# Projct Black Venge



## hd tech (Aug 15, 2010)

My new bike came in today. It isn't built up yet but I should be able to ride it on Sunday. It is a 54cm S Works Venge with Dura Ace group.


----------



## jason07 (Jul 26, 2010)

awesome bike! Have you thought about making the tape white?


----------



## hd tech (Aug 15, 2010)

Thanks jason07. I am going to use white bar tape.


----------



## carlislegeorge (Mar 28, 2004)

no no no, don't do it! have you thought about a black saddle?


----------



## hd tech (Aug 15, 2010)

I think I am going to keep the white for a while. My Tarmac has black bar tape and saddle. When the white gets to the point where I can't mke it look clean I will change it.


----------



## Mello Velo (Sep 21, 2011)

Very nice looking bike!


----------



## fatdawg (Jun 9, 2011)

:thumbsup:


----------



## vontress (Jul 19, 2009)

Love it!


----------



## shb77 (Jun 17, 2011)

Bike looks sweet!

I agree that white bar tape would look the best - baby wipes IMHO are great for keeping it clean!


----------



## DDDonny (Sep 29, 2005)

I'm jealous! Anyway, congrats on getting a VENGE!


----------



## smoothie7 (Apr 11, 2011)

Looks like a great bike. I too would put white bar tape and white pedals on it. I think it would really set it off


----------



## ezrida (Aug 20, 2011)

sweet bike, let us know how it rides.


----------



## rubbersoul (Mar 1, 2010)

Nice bike! which handlebars are those?


----------



## hd tech (Aug 15, 2010)

Thanks for the replies. I have not had a chance to ride the bike yet. I just got back from vacation and I should be able to ride it tomorrow. rubbersoul the bars are S works carbon bars and I like the way they feel, much better than the bars on my Tarmac.


----------



## pg12340 (Apr 18, 2011)

A guy I know just picked up this same bike.
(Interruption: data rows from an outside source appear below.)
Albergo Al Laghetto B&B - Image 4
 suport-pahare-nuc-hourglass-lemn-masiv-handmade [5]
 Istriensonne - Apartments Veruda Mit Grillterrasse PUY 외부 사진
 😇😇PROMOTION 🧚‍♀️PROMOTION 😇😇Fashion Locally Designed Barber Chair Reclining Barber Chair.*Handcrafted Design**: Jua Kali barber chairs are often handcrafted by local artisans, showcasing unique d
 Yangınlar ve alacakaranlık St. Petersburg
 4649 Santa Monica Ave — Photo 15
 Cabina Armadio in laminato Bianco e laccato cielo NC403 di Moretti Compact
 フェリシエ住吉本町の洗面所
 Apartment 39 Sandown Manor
These bikes are sick! congrats on your bike.


----------



## hd tech (Aug 15, 2010)

*Update on the Venge*

I had a chance to put 70 miles on the bike this weekend. I can tell you that the bike performs well. I can get up to speed faster and hold it longer with this bike. I came off a 2009 Tarmac comp with Mavic SL wheels.The Venge isn't a harsh ride, it is a better ride than my Tarmac over bumps and rough roads. The wheels do push you around in heavy cross winds but overall ride nice. I am glad I got the Venge over a Tarmac and if you get a chance to ride one you should.


----------